Pascal's Principle

Pascal's Principle

Pascal's Principle (or Pascal's Law) applies to static fluids and takes advantage of the height dependency of pressure in static fluids. Named after French mathematician Blaise Pascal, who established this important relationship, Pascal's Principle can be used to exploit pressure of a static liquid as a measure of energy per unit volume to perform work in applications such as hydraulic presses. Qualitatively, Pascal's Principle states that pressure is transmitted undiminished in an enclosed static liquid. Quantitatively, Pascal's Law is derived from the expression for determining the pressure at a given height (or depth) within a fluid and is defined by Pascal's Principle:

$p_2 = p_1 + \Delta p$, $\Delta p = \rho g \Delta h$

where p₁ is the external applied pressure, ρ is the density of the fluid, Δh is the difference in height of the static liquid, and g is the acceleration due to gravity. Pascal's Law explicitly determines the pressure difference between two different heights (or depths) within a static liquid. As, by Pascal's Law, a change in pressure is linearly proportional to a change in height within an incompressible, static liquid of constant density, doubling the height between the two points of reference will double the change of pressure, while halving the height between the two points will half the change in pressure.

Enclosed Static Liquids

While Pascal's Principle applies to any static fluid, it is most useful in terms of applications when considering systems involving rigid wall closed column configurations containing homogeneous fluids of constant density. By exploiting the fact that pressure is transmitted undiminished in an enclosed static liquid, such as in this type of system, static liquids can be used to transform small amounts of force into large amounts of force for many applications such as hydraulic presses.

As an example, referring to , a downwards force of 10 N is applied to a bottle filled with a static liquid of constant density ρ at the spout of cross-sectional area of 5 cm², yielding an applied pressure of 2 N/cm². The cross-sectional area of the bottle changes with height so that at the bottom of the bottle the cross-sectional area is 500 cm². As a result of Pascal's Law, the pressure change (pressure applied to the static liquid) is transmitted undiminished in the static liquid so that the applied pressure is 2 N/m² at the bottom of the bottle as well. Furthermore, the hydrostatic pressure due to the difference in height of the liquid is given by Equation 1 and yields the total pressure at the bottom surface of the bottle.
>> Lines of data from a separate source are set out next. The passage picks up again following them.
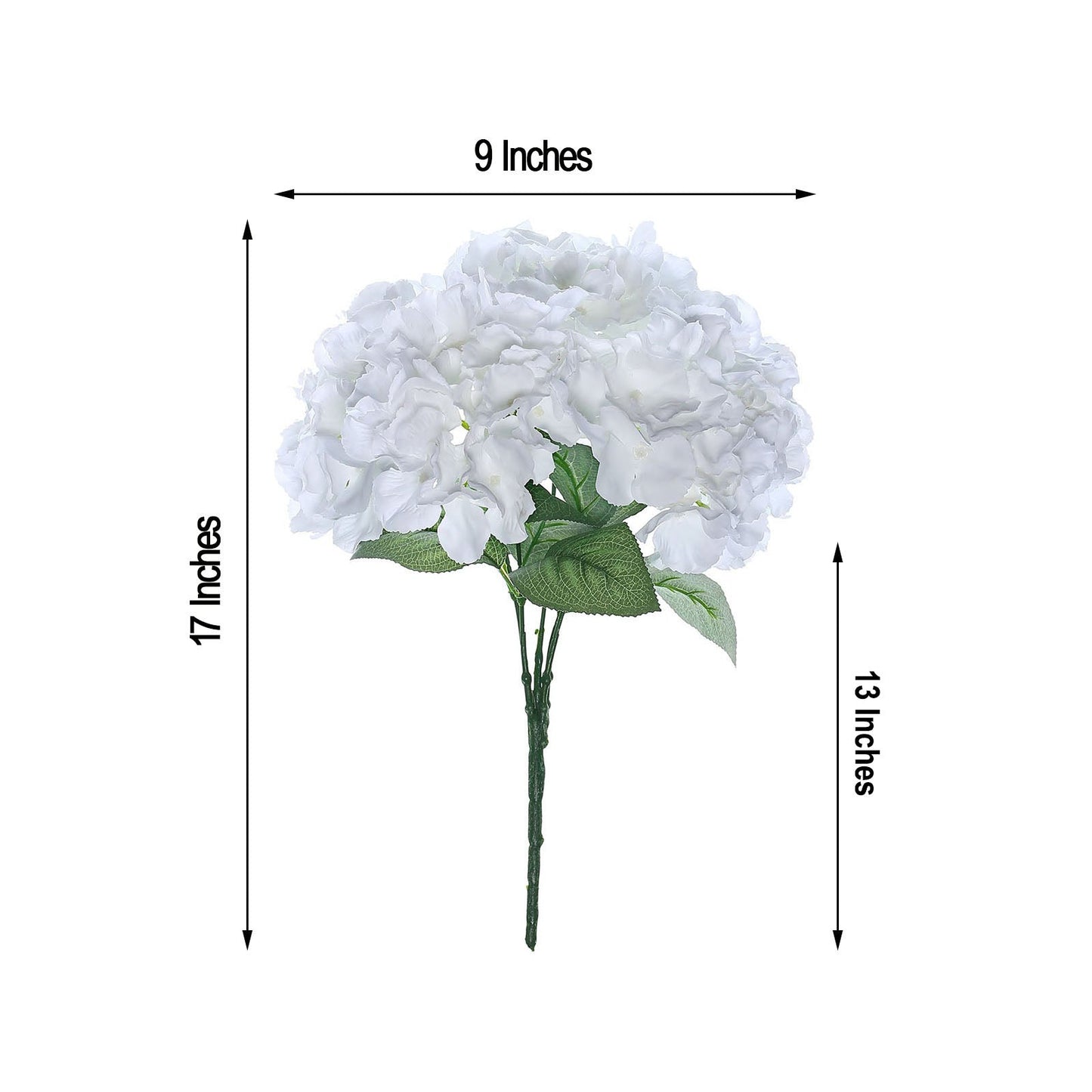 5 Bushes Artificial Silk White Hydrangea Flower Bushes Bouquets 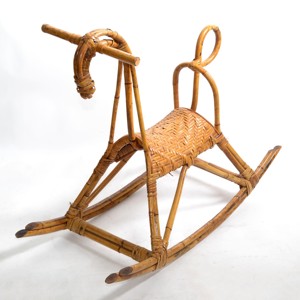 Juguetes de animales para montar para niños, columpios de ratán ecológicos, animales de juguete, caballos balancín de caña natural - Product Image 6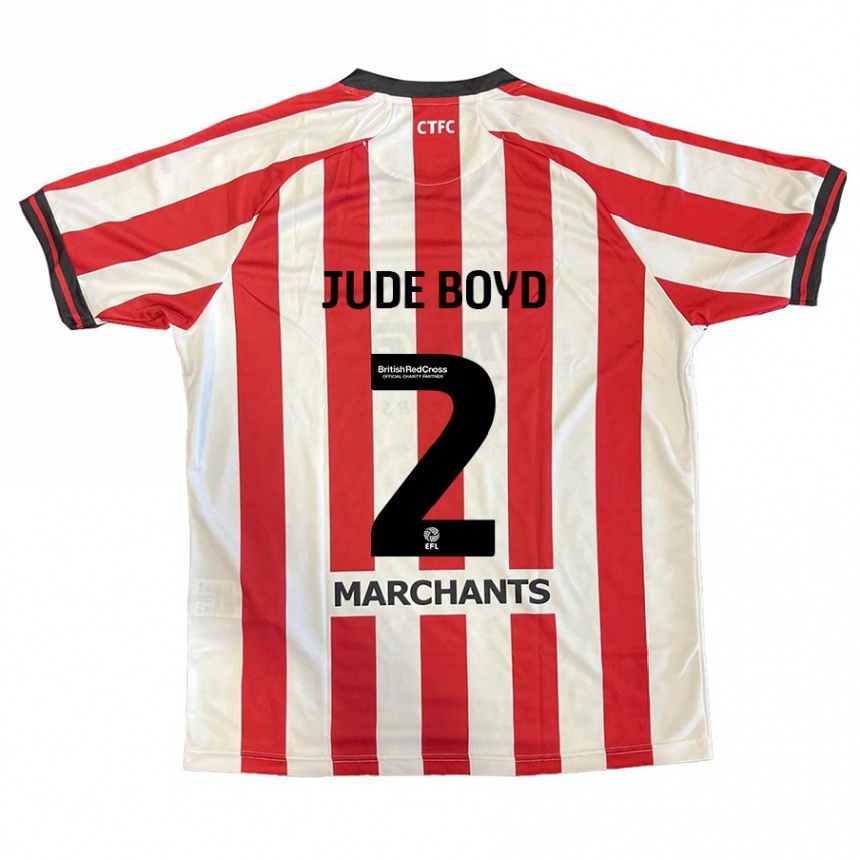 Niño Fútbol Camiseta Arkell Jude-Boyd #2 Rojo Blanco 1ª Equipación 2024/25 Perú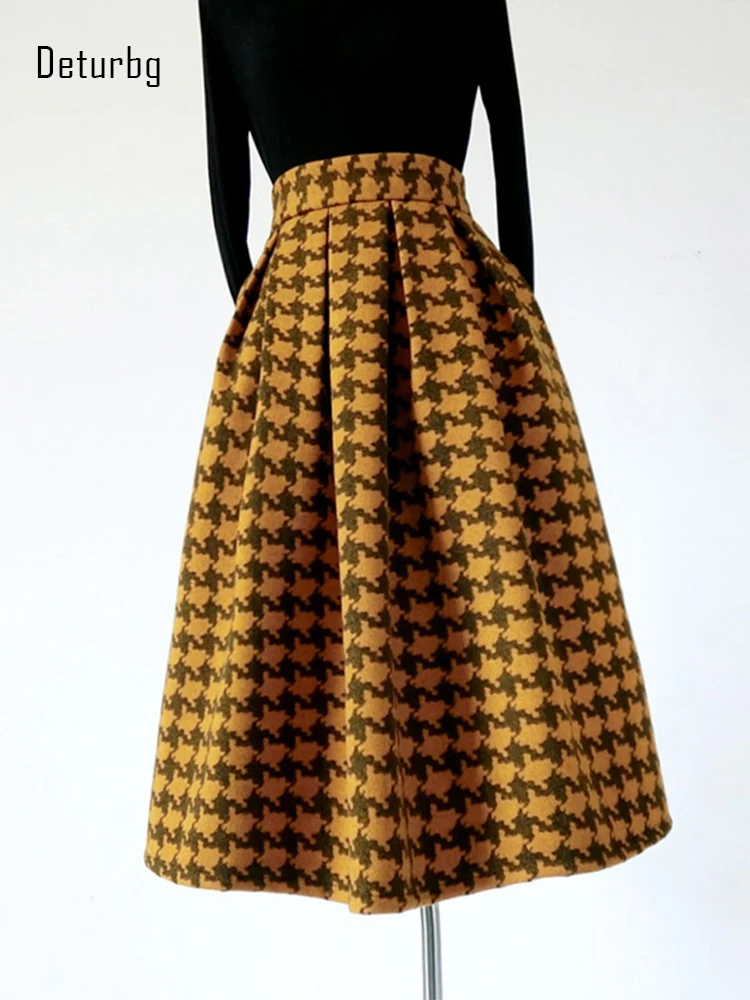 

Women's Fashion Houndstooth Woolen Skirt with Pocket 2022 Winter Korean Vintage Thickened High Waist Pleated A-Line Skirts K217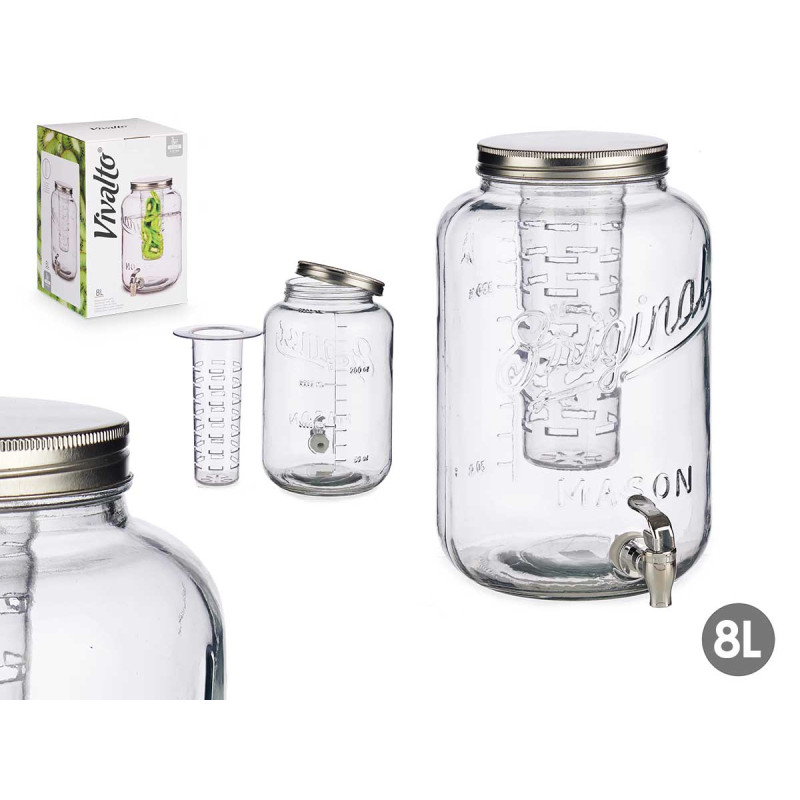 8000ML JAR WITH COOLER SILVER 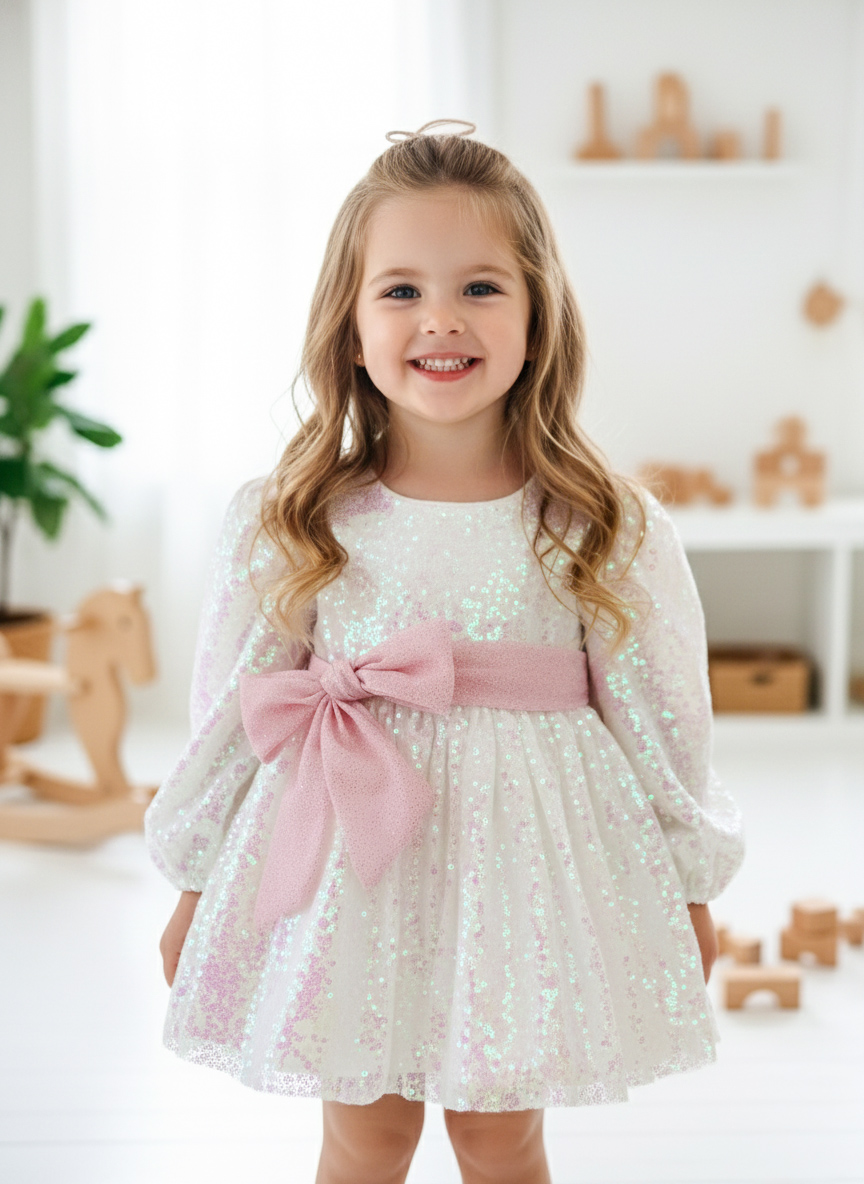 IMG_1526 LOTUS Pul Payet Bayramlık Özel Gün Doğum Günü Kız Çocuk Parti Elbise - Görsel 1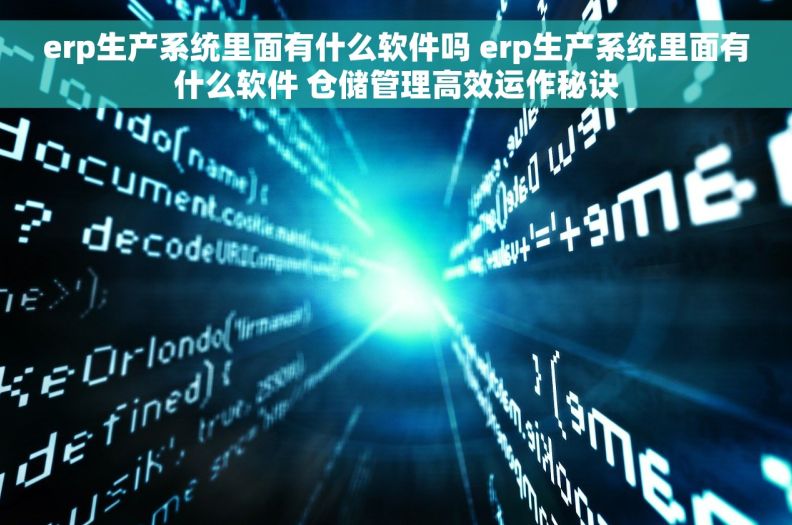 erp生产系统里面有什么软件吗 erp生产系统里面有什么软件 仓储管理高效运作秘诀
Since the cross-sectional area at the bottom of the bottle is 100 times larger than at the top, the force contributing to the pressure at the bottom of the bottle is 1000 N plus the force from the weight of the static fluid in the bottle. This example shows how, through Pascal's Principle, the force exerted by a static fluid in a closed system can be multiplied by changing the height and the surface area of contact.

Pressure Applied to a Hydrostatic Fluid

A downwards force of 10 N is applied to a bottle filled with a static liquid of constant density ρ at the spout of cross-sectional area of 5 cm2, yielding an applied pressure of 2 N/cm2.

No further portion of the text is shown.